Alla inquietudine dei mercati occorre dare una risposta politica forte. I mercati vogliono sapere cosa c’è dietro quel foglietto di carta colorata che si chiama euro e vogliono sapere anche se fra cinque anni l’euro ci sará ancora.

Una volta dietro la carta moneta c’era una riserva aurea, adesso c’è il potere dello Stato. L’euro, si dice spesso, è una moneta anomala, una moneta senza Stato. È tempo adesso di porre fine a questa anomalia. Ci dicano i capi di Stato e di governo che hanno intenzione di fare gli Stati Uniti d’Europa ed invitino i loro ministri degli esteri a procedere subito con la elaborazione di un trattato federale. Dentro questo chiaro orizzonte politico c’è la risposta a molti problemi che appaiono altrimenti insolubili. Gli Stati Uniti d’Europa devono avere un loro autonomo potere di imposizione fiscale ed anche il potere di porre un limite all’indebitamento degli Stati membri. Con gli Stati Uniti d’Europa diventa possibile fare i famosi stability bonds, che altro non sono se non titoli di debito pubblico europeo. L’Europa raccoglie i denari sui mercati a basso tasso di interesse (perchè dell’Europa i mercati si fidano) e li ripresta agli Stati in difficoltà ai quali il mercato non fa più credito. Una operazione così si può fare solo se gli Stati Uniti d’Europa hanno il potere di impedire allo Stato in difficoltà di fare nuovi debiti ed hanno un proprio potere impositivo per pagare il debito che contraggono.

Dentro l’ottica politica degli Stati Uniti d’Europa è possibile affrontare anche il tema della unione bancaria. Spesso (non sempre e non in Italia) i problemi del debito pubblico degli Stati non derivano da spese eccessive degli Stati ma da errori delle banche. Gli Stati intervengono per salvare le banche dal fallimento e si accollano i debiti delle banche. Noi abbiamo bisogno di una efficace autorità di vigilanza bancaria europea unificata. Molte operazioni rovinose sono nate negli interstizi fra un sistema di vigilanza bancaria nazionale e l’altro. Abbiamo bisogno di un sistema di vigilanza unificato. Abbiamo bisogno anche di un sistema europeo di mutua assicurazione e di mutuo sostegno fra le banche capace di intervenire in caso di fallimento di una o di alcune banche e capace comunque di assicurare i depositi dei clienti. Abbiamo bisogno anche di un insieme di regole che tagli le unghie alla speculazione e riconduca la banca alla sua funzione originaria che è quella di finanziare lo sviluppo, la creazione di lavoro, le imprese e le famiglie.
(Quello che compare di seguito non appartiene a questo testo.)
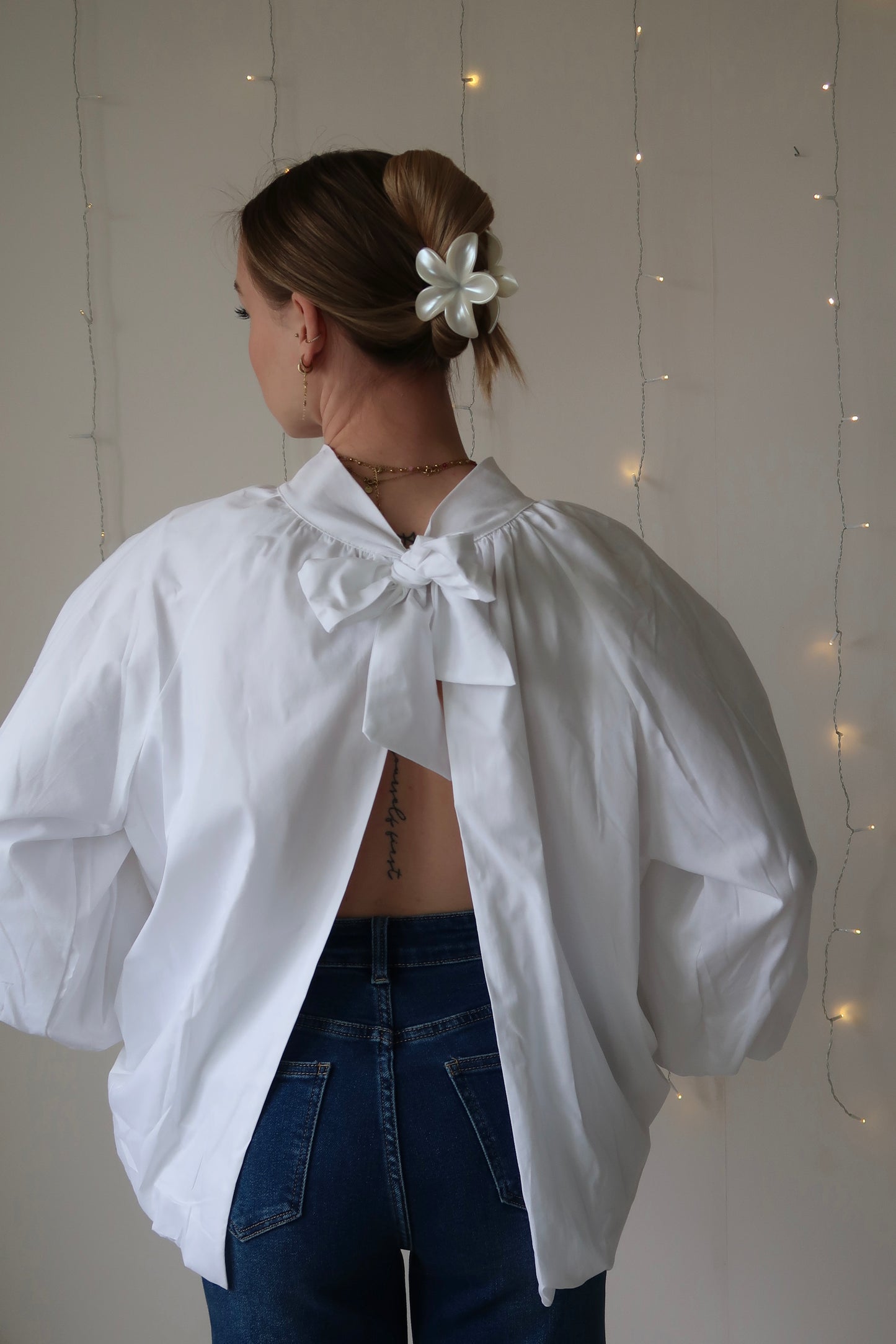 Blouse dos nu Éléa Blanc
La limitazione degli scambi over the counter, la limitazione o il divieto delle vendite allo scoperto, la proibizione della accensione di derivati per rischio altrui, una tassa sulle transazioni bancarie o almeno il divieto per le banche di arrischiare in operazioni speculative il proprio capitale o quello dei clienti sono tutte misure che possono restituire alla finanza la sua vocazione primigenia. Questo insieme di misure può risanare il sistema bancario, creare un vero sistema bancario europeo, sgravare gli Stati da quella garanzia che oggi esplicitamente o implicitamente devono dare al loro sistema bancario.

Sempre nella prospettiva degli Stati Uniti d’Europa è anche possibile sperimentare gli eurobonds in una forma ridotta. I tedeschi dicono che lo spread fra i loro titoli e quelli degli altri Paesi ha per gli altri Paesi la funzione di uno sprone a fare le riforme necessarie. Hanno ragione, senza uno sprone le riforme non si fanno. Se, per esempio, la BCE o un fondo europeo (efsf o esm) comprano titoli di Stato a dieci anni di un Paese indebitato è possibile che per alcuni anni il fervore riformatore di quello Stato si raffreddi. Se però si comprassero obbligazioni a breve termine, per esempio a tre mesi, quel Paese sarebbe stimolato a proseguire sul percorso riformatore dal timore di non vedersi rinnovato il credito in caso di inadempimento degli obblighi assunti. Lo sprone ci sarebbe sempre e si eviterebbe che uno sprone troppo lungo o troppo affilato ammazzi il cavallo.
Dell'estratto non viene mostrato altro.